Short text fragments from websites

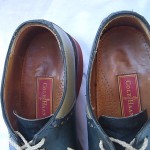 MENS COLE HAAN NAVY/ TAUPE LEATHER SADDLE SHOES  SIZE 8.5 D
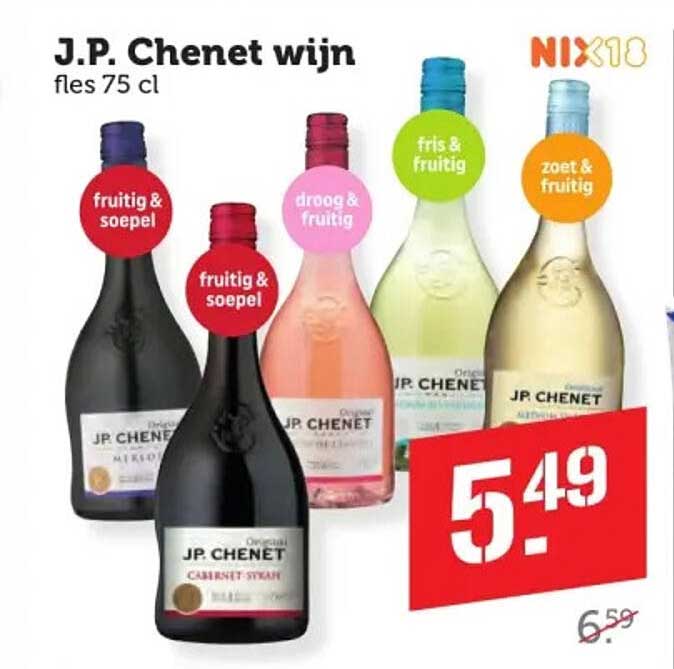 J.P. Chenet wijn fles 75 cl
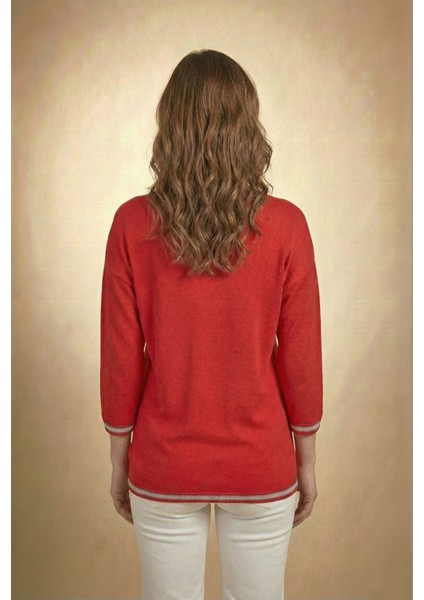 Kadın Kırmızı Kolu-Etek Ucu Simli Fakir Kol Ince Kazak modelleri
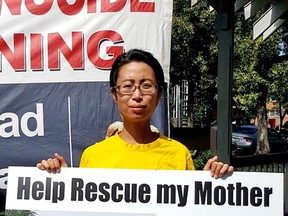 Hongyan Lu of Edmonton is currently crossing Canada by car to try to raise support for her mother, Huixia Chen, a Falun Gong practitioner who is detained in China. (Photo supplied)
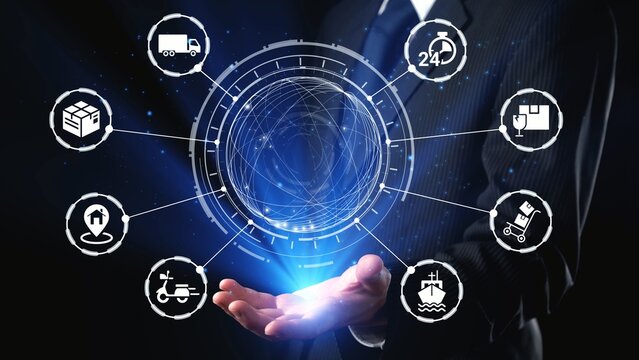 Goods delivery tracking icons show shipping, goods delivery routes, and logistics monitoring. Goods delivery tracking ensures timely goods delivery, secure handling, and accurate tracking. Gist
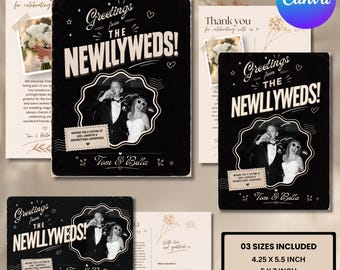 Tarjeta de agradecimiento con foto de boda editable, postal retro para recién casados, plantilla de tarjeta de agradecimiento vintage, imprimible en Canva, 6x4, 5x7, 4.25x5.5 y EE. UU.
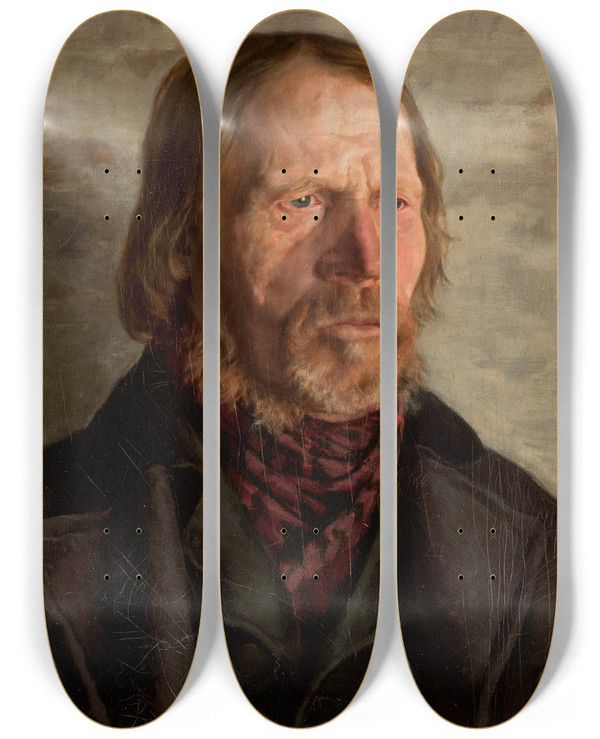 Triptych art skateboard deck of Kazimierz Pochwalski Ruthenian by Kazimierz Pochwalski (1855-1940)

## What is being asked
Set down the entries above again exactly, minus any image.

## Answer for the task
 MENS COLE HAAN NAVY/ TAUPE LEATHER SADDLE SHOES  SIZE 8.5 D
 J.P. Chenet wijn fles 75 cl
 Kadın Kırmızı Kolu-Etek Ucu Simli Fakir Kol Ince Kazak modelleri
 Hongyan Lu of Edmonton is currently crossing Canada by car to try to raise support for her mother, Huixia Chen, a Falun Gong practitioner who is detained in China. (Photo supplied)
 Goods delivery tracking icons show shipping, goods delivery routes, and logistics monitoring. Goods delivery tracking ensures timely goods delivery, secure handling, and accurate tracking. Gist
 Tarjeta de agradecimiento con foto de boda editable, postal retro para recién casados, plantilla de tarjeta de agradecimiento vintage, imprimible en Canva, 6x4, 5x7, 4.25x5.5 y EE. UU.
 Triptych art skateboard deck of Kazimierz Pochwalski Ruthenian by Kazimierz Pochwalski (1855-1940)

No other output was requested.